▶ [Given material]:
====

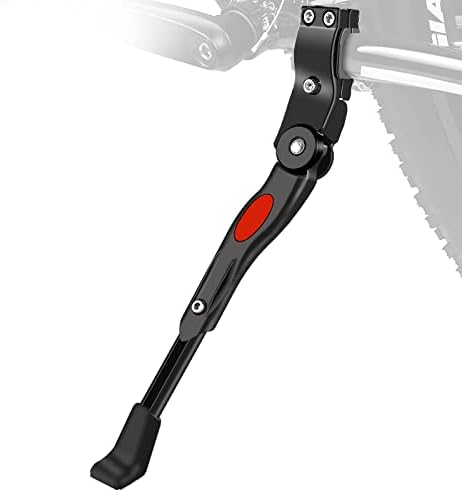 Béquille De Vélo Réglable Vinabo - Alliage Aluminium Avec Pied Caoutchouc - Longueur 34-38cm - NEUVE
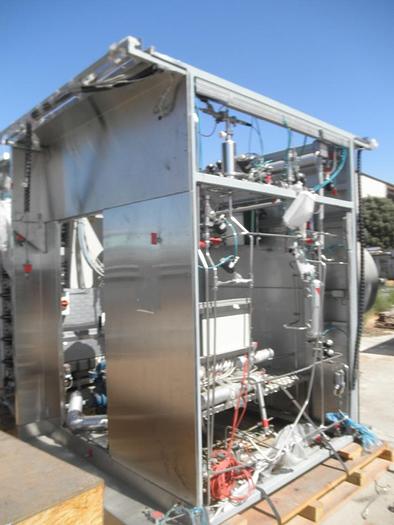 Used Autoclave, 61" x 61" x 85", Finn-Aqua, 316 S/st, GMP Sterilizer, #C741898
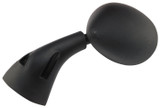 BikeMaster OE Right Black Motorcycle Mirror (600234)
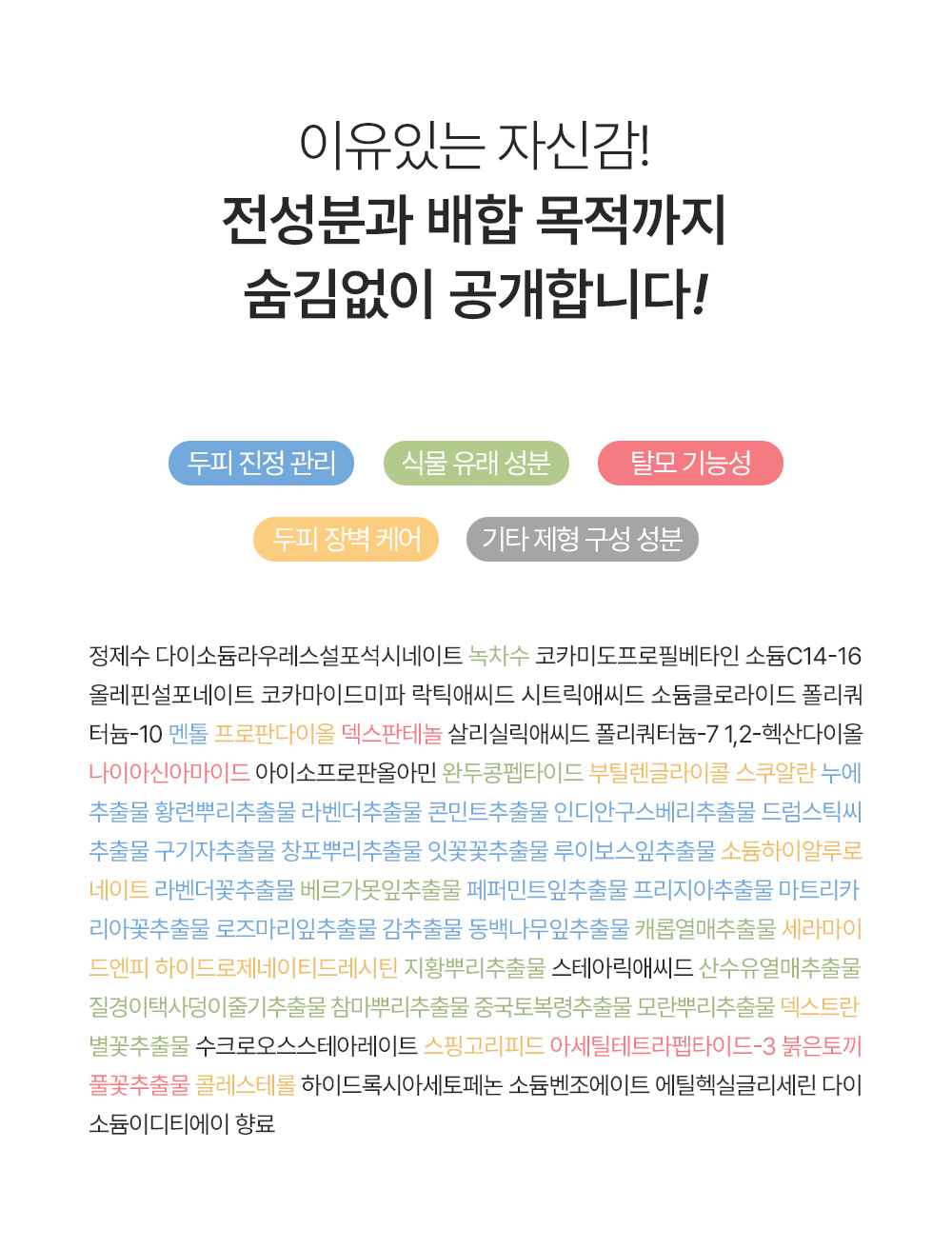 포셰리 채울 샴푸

====

▶ [Required work]: Print exactly the line containing "BikeMaster OE Right" and every line after it through the final line above, and leave all pictures out.

▶ [Output for this task]:
 BikeMaster OE Right Black Motorcycle Mirror (600234)
 포셰리 채울 샴푸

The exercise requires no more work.